Two fresh developments — one local, one national — deserve our comment, because each, in its own way, demonstrates a willingness to think anew about old problems and to do so, as they say, outside the box.
The proposal put forth Monday by Memphis City Council members Jim Strickland and Shea Flinn for a referendum on raising the city’s sales tax rate by a half percent in order to fund pre-K education and to reduce city property taxes is a constructive and timely effort to deal with two undisputed needs. Strickland, known to be contemplating a race for mayor at some future point, has made something of a name for himself as an opponent of new taxation in general and of the city property tax in particular. His case against the latter is that, as he repeated again this week, the city’s property tax rate, the highest in Tennessee, is driving residents outward into Shelby County at-large or even outside the county’s boundaries.
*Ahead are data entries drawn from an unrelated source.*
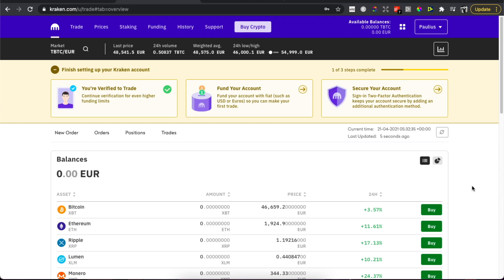Hey guys, in this video I will show you how you can transfer your cryptocurrency from Kraken exchange to Exodus wallet. It's really fast and easy, and let me show you how.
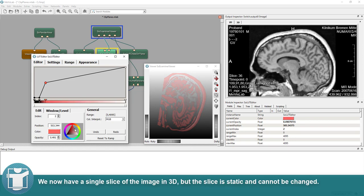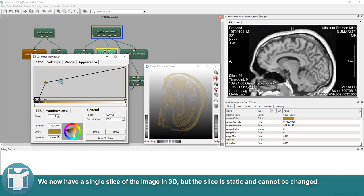We now have a single slice of the image in 3D, but the slice is static and cannot be changed.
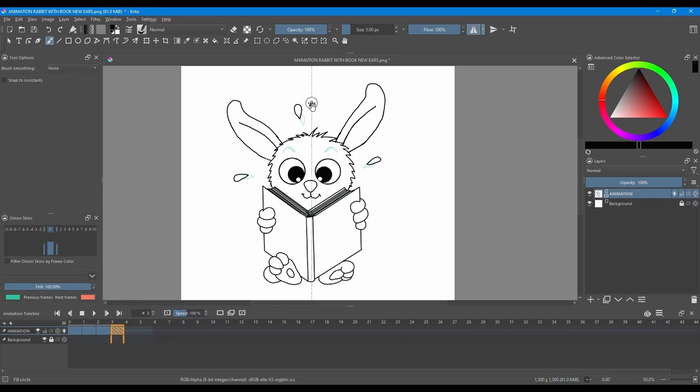Using the mirror tool. I am going to work on the eyebrows. And try to create that effect of surprise.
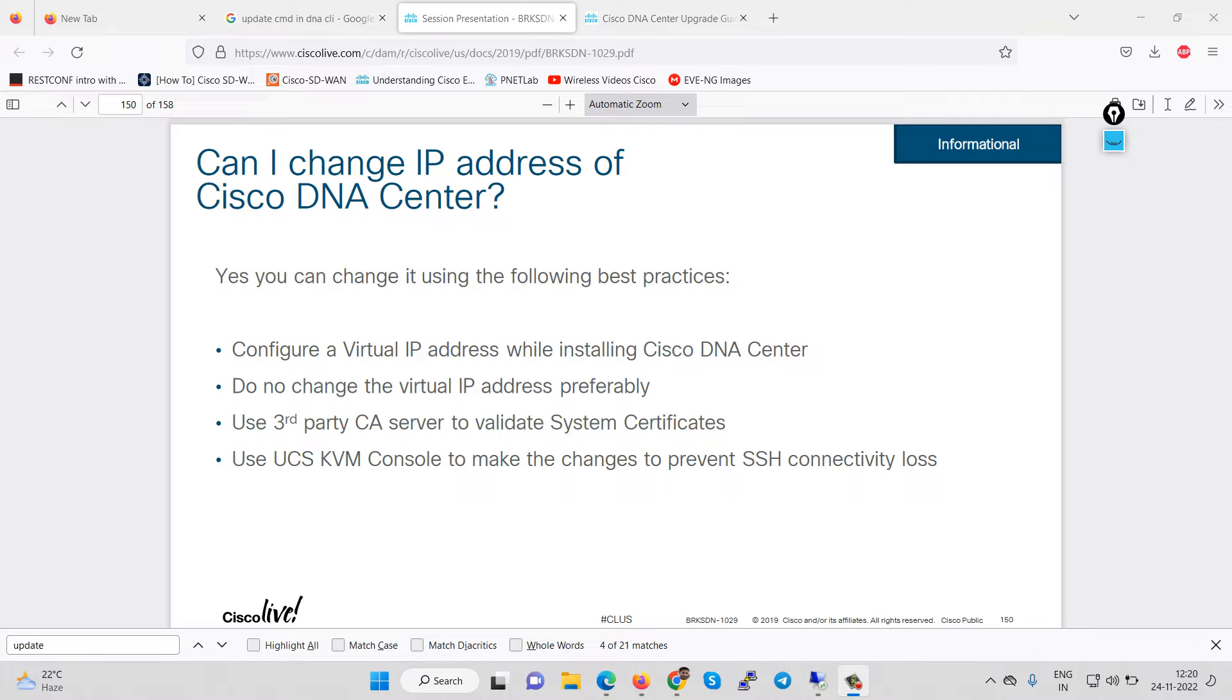Hi everyone, in this section we are going to discuss how we can change IP address of DNA Center or how we can add multiple interfaces and then change the IP address.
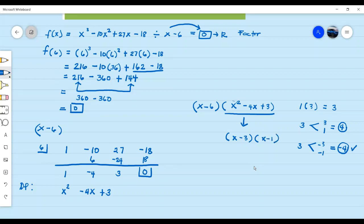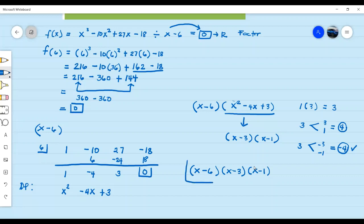So from there it's easy. We just copy the first factor from the given, which is x minus 6, and now we have x minus 3 and x minus 1. So now we have our final answer — this is the complete factorization of the given polynomial: x minus 6, times x minus 3, times x minus 1.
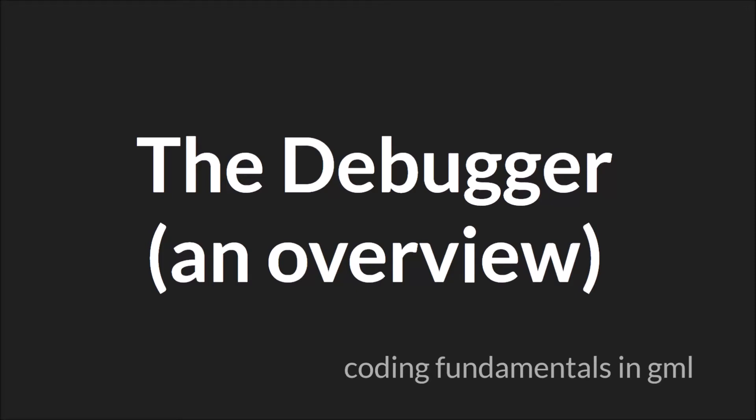Hello everyone, welcome to another Coding Fundamentals in GML tutorial. My name is Sam Spade and in this tutorial I'll be giving a short overview on the debugger.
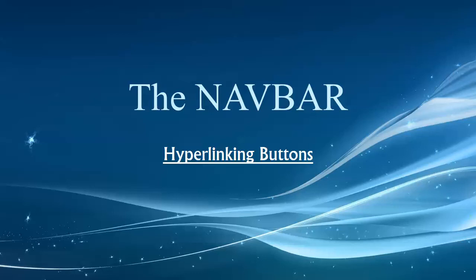Hey folks, welcome back. In this video, I just want to give you a quick demonstration on hyperlinking buttons in Dreamweaver.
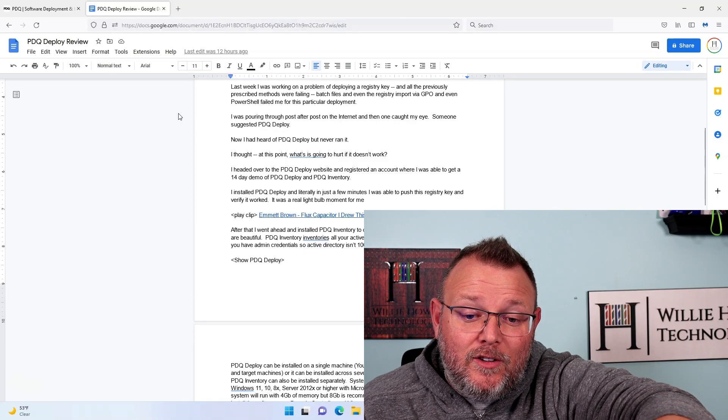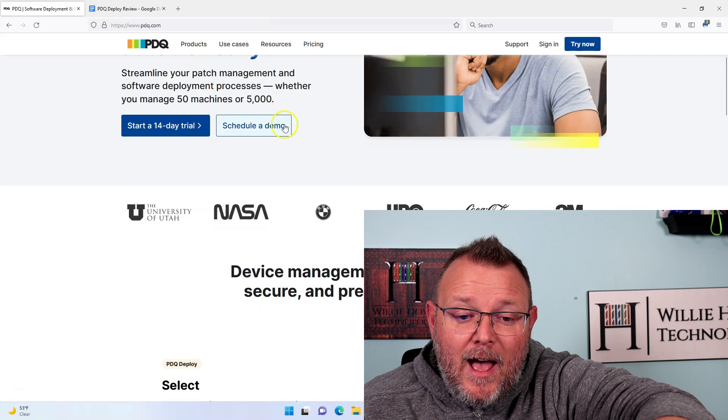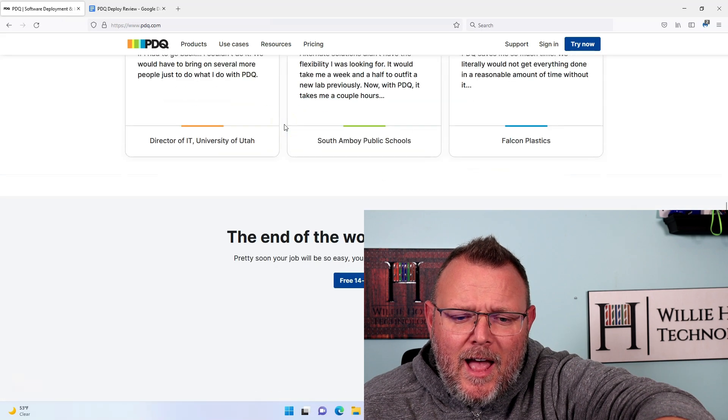I got PDQ Deploy and PDQ Inventory, because Inventory will go out and inventory all of your Windows endpoints in Active Directory. I installed PDQ Deploy on my workstation, and in literally just a few minutes I was able to push the registry key and verified that it worked — and that was a real light bulb moment for me. After that I went ahead and installed PDQ Inventory, and the tie-ins between the two pieces of software are absolutely beautiful.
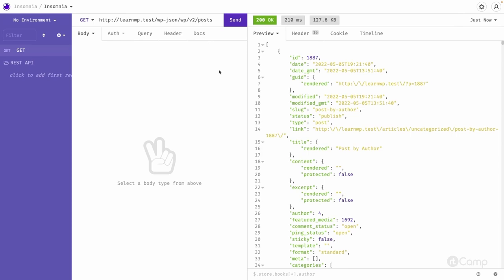Having versioning is very helpful. For example, if you want to change the response structure of a REST API request, changing it will likely break the front end wherever that REST API request has been called — because changing key-value pairs or any other response may break the front-end implementation. Instead of modifying the existing REST API, you can create a new route with a different version kept under the namespace, so all old requests continue to work and front-end developers can later update to the new version, avoiding breaking changes.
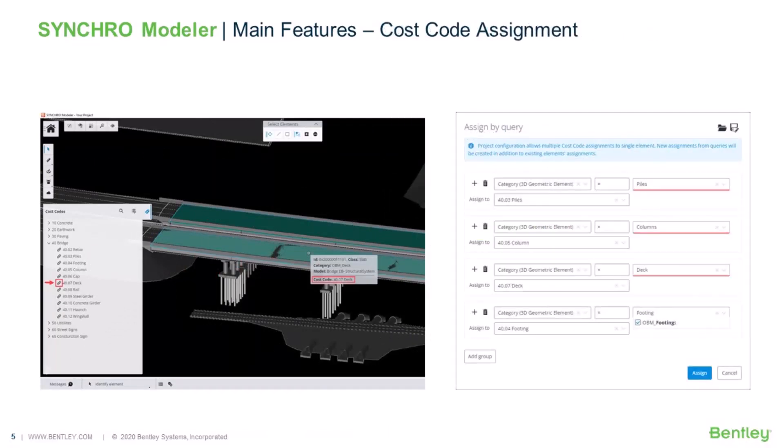Furthermore, Synchro Modeler allows you to import your cost code structure and match the cost codes with the model elements based on its properties. You'll be able to assign the right cost code to each model element in a blink of an eye.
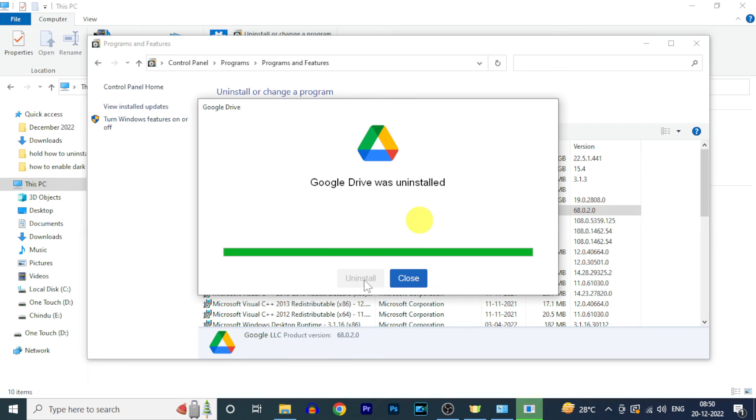That's it. Now you successfully uninstalled Google Drive on Windows PC or laptop.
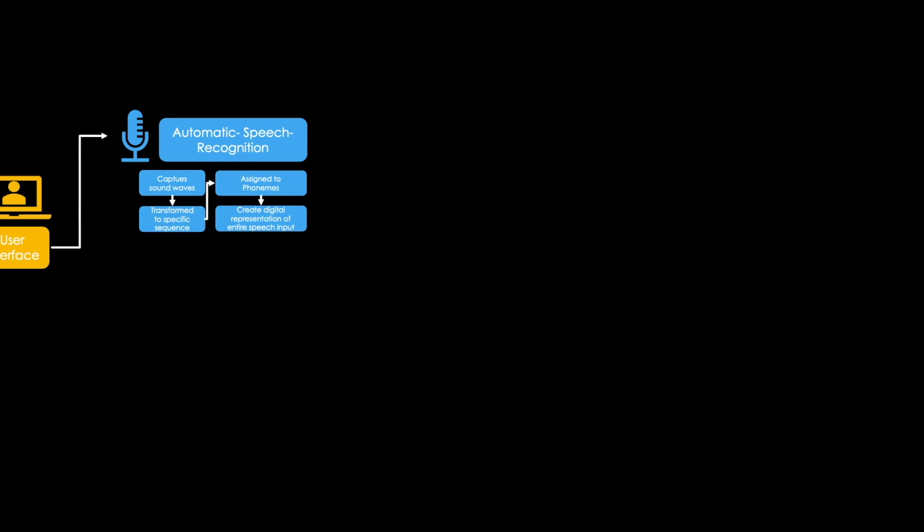Then the chatbot needs to actually understand the digitalized text representation of our speech input. This is done via so-called natural language understanding. Natural language understanding basically consists of two steps.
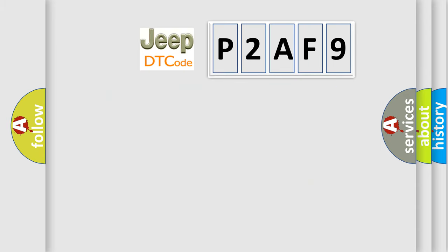So, what does the diagnostic trouble code P2AF9 interpret specifically for Jeep car manufacturers?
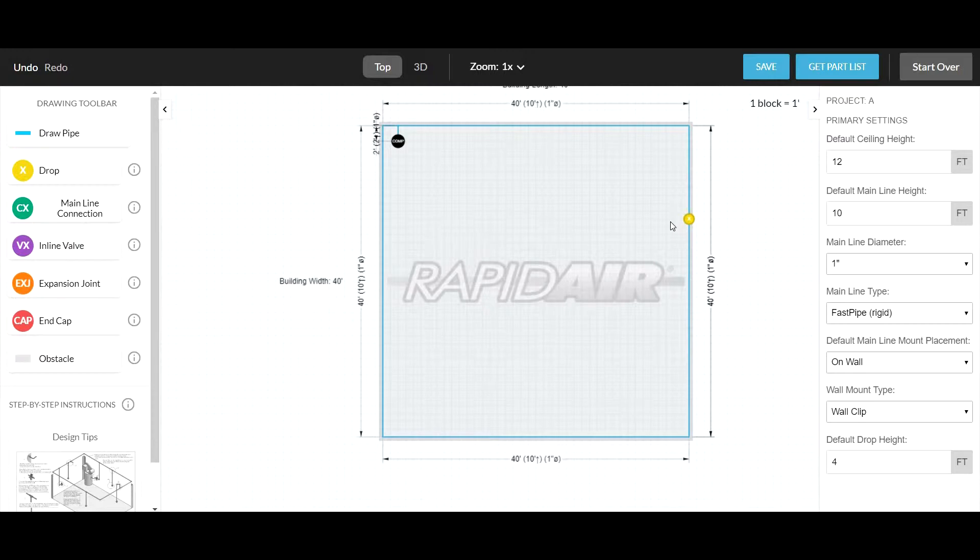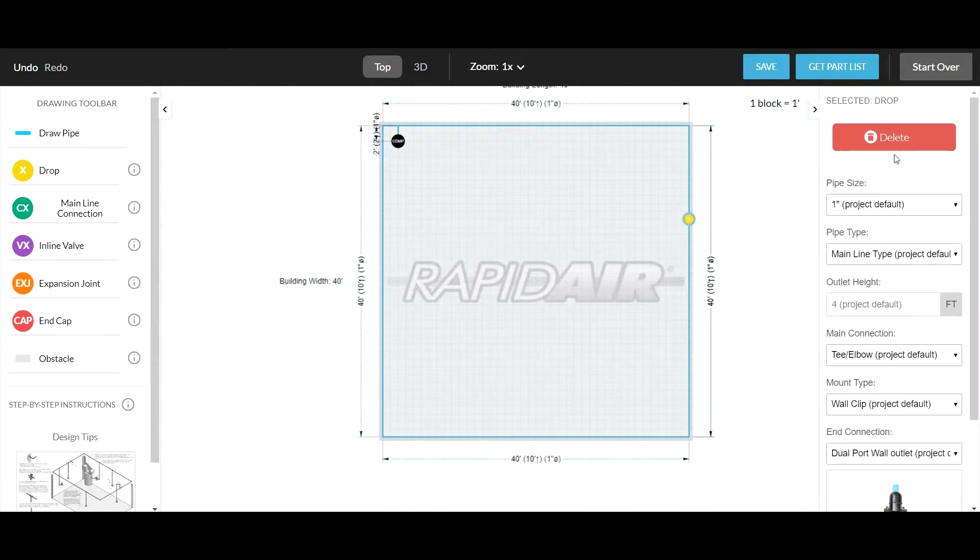To change the type of connection you would like on your drop, click on the drop and then modify in the right sidebar. You can delete it and change its size.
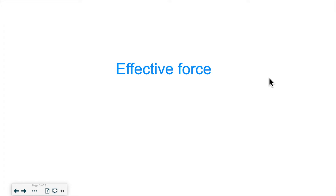Hello everyone! Welcome back for another lesson. In this lesson we will be talking about a specific special force called the effective force. So let's take a look at what the term effective force means.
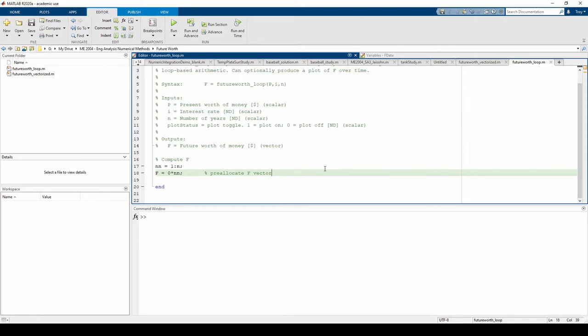Now we can write the for loop. We want to loop through every element in the f array and replace each zero with the proper value.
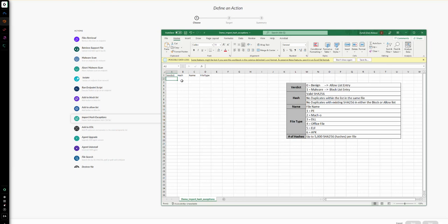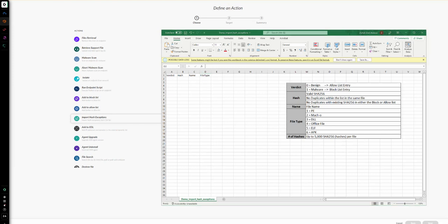So the verdict is either zero or one. The hash field must be a valid SHA-256. To maintain a clean list, we should not have any duplicate hashes within the same file, and we should not have duplicates matching existing hashes in either the allow or block list in our tenant. The name field is the file name that you specify. The file type field uses coded values from one to six as shown in the list. As a quick note, we can add up to 5,000 SHA-256 hashes at once per file.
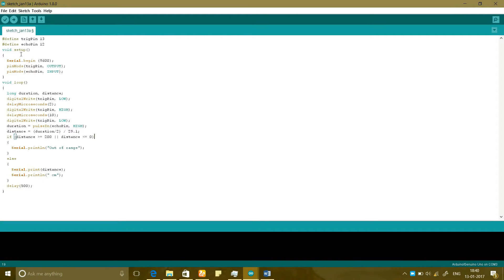In the setup loop I have fixed 9600 as a baud rate and I have made the trigger pin as an output and echo pin as an input.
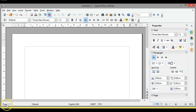Right at the bottom it will tell us we're currently on page one of one — that's reasonable, we haven't done anything yet. We're using English in the UK so it's going to hopefully spell-check properly. We're currently in insert mode, which means that when we start to type it will insert the text. The alternative to insert is overtype, where it would overwrite existing text.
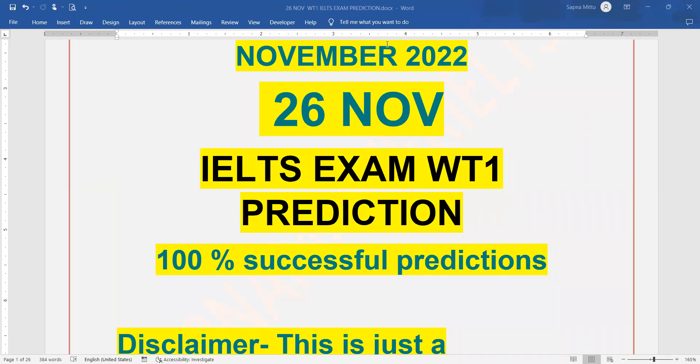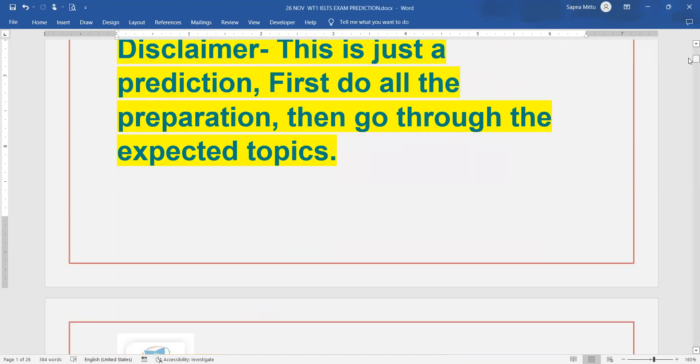Hello everyone, welcome again. This is the video related to 26th November writing task one prediction. Yes, I am uploading writing task one prediction - how writing tasks can come, what will be the level. It just depends on your preparation.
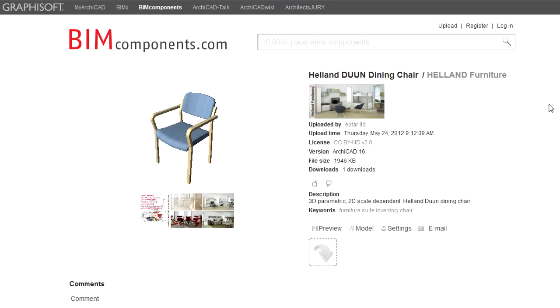On the page of any object on the BIM Components portal, the Object Viewer window lets you view the selected object. There are many viewing options available.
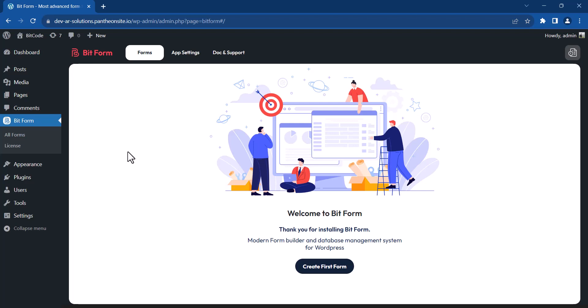Hello. In this video, I'll demonstrate how to make the most of Bitform's landing page feature. Let's get started.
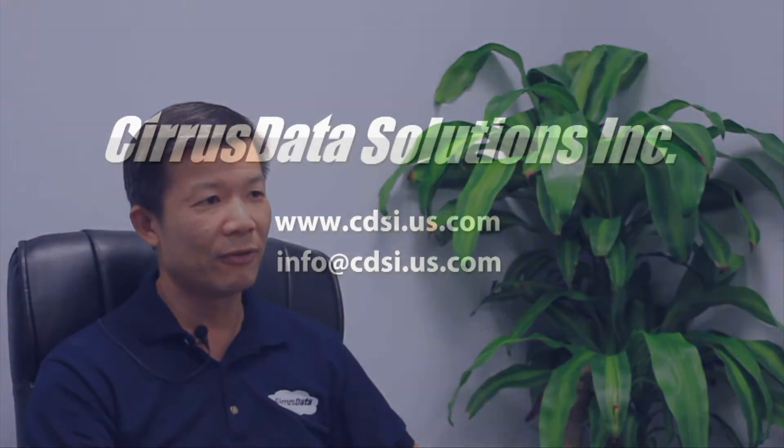The mission of Cirrus Data is to keep innovating within our expertise area, which is storage within complex IT environments, to come up with products that can help customers and partners do their jobs much better, easier, safer, and without downtime.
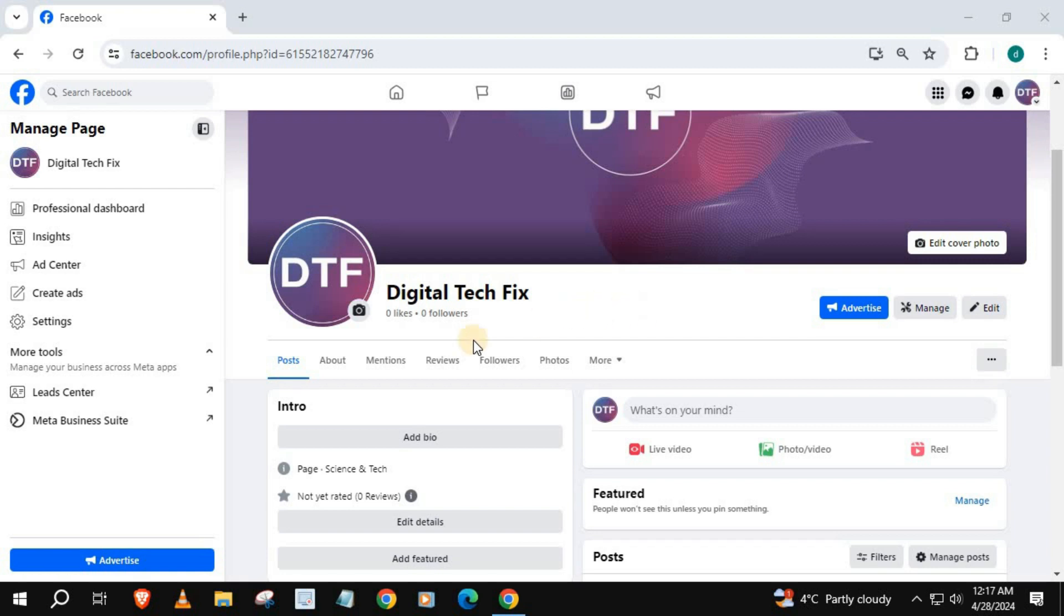Open up your Facebook page. We will add clickable Threads link in this bio section here. Push on About.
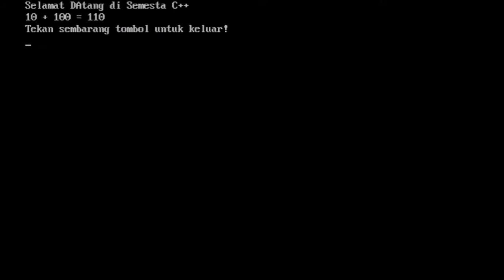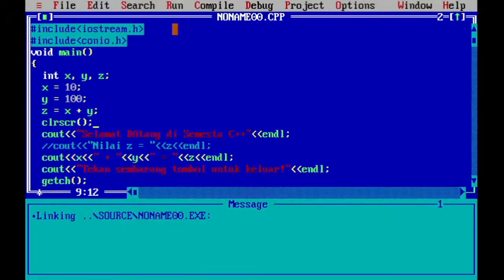Terhapus hasil-hasil eksekusi sebelumnya. Yang baru dieksekusi adalah contoh program di mana nilai-nilai variabel kita langsung isikan ke dalam ruang memorinya. Bagaimana kalau nilai-nilai itu kita masukkan dari keyboard? Artinya dia lebih fleksibel. Bagaimana kalau nilai-nilai variabel itu kita masukkan melalui keyboard, yang berarti dia lebih fleksibel — berapapun yang akan kita masukkan, maka dia akan diterima.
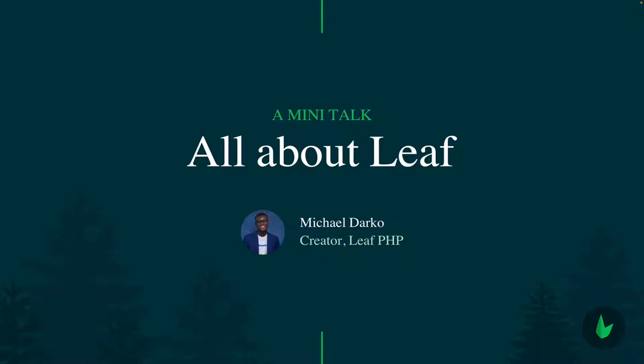Hello everyone, welcome to this video. My name is Michael Darko, the creator of LeafPHP, and today we're going to be talking all about Leaf. We'll cover what Leaf is, its features, a little history, and all that stuff. So let's get into it.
Nor has Strickland been inordinately fond of the sales tax as a revenue device, having opposed it previously both in the city and, in the case of last November’s failed referendum for an increase in the sales tax, at least partly on the perfectly legitimate grounds that a sales tax is by its nature regressive. Strickland has shown admirable flexibility in joining this week with Flinn, whose successful sponsorship last year of a city sales tax referendum proposal was canceled out by the county referendum, which superseded it.
The two council members have also shown a sense of responsibility in arranging for the potential proceeds of a city sales tax increase to be divided between pre-K needs (which would have received substantial funding under the defeated county proposal) and alleviating the city property tax rate.
Danziger
The other governmental initiative we endorse occurred on the national scale, this week, when President Obama chose to risk his political capital by making two controversial appointments to important cabinet positions — former Republican senator Chuck Hagel as defense secretary and John Brennan, formerly deputy national security adviser, as head of the Central Intelligence Agency.
Both men have made a habit of rendering independent judgment on significant matters of national policy and have resisted peer pressure — which is even more significant in Washington than in high schools across the nation — to play follow-the-leader blindly. Hagel is especially to be commended for his decision, after first supporting George W. Bush’s Iraq folly as a senator, to go public with his opposition to that unnecessary war as contrary to the nation’s strategic interest. That, plus his insistence on an evenhanded policy regarding the long-standing Israel-Palestine dispute, earned Hagel the distrust of many in Congress, especially among his former Republican colleagues. The president knew that he’d have a fight on his hands going in, and, in picking Hagel, he will surely get one.
That Obama has acted on principle regarding an appointee is an encouraging sign to all those who have wondered if the president is too cautious and conciliatory by nature. In this instance, clearly, he has shown himself to be resolute, and we commend him.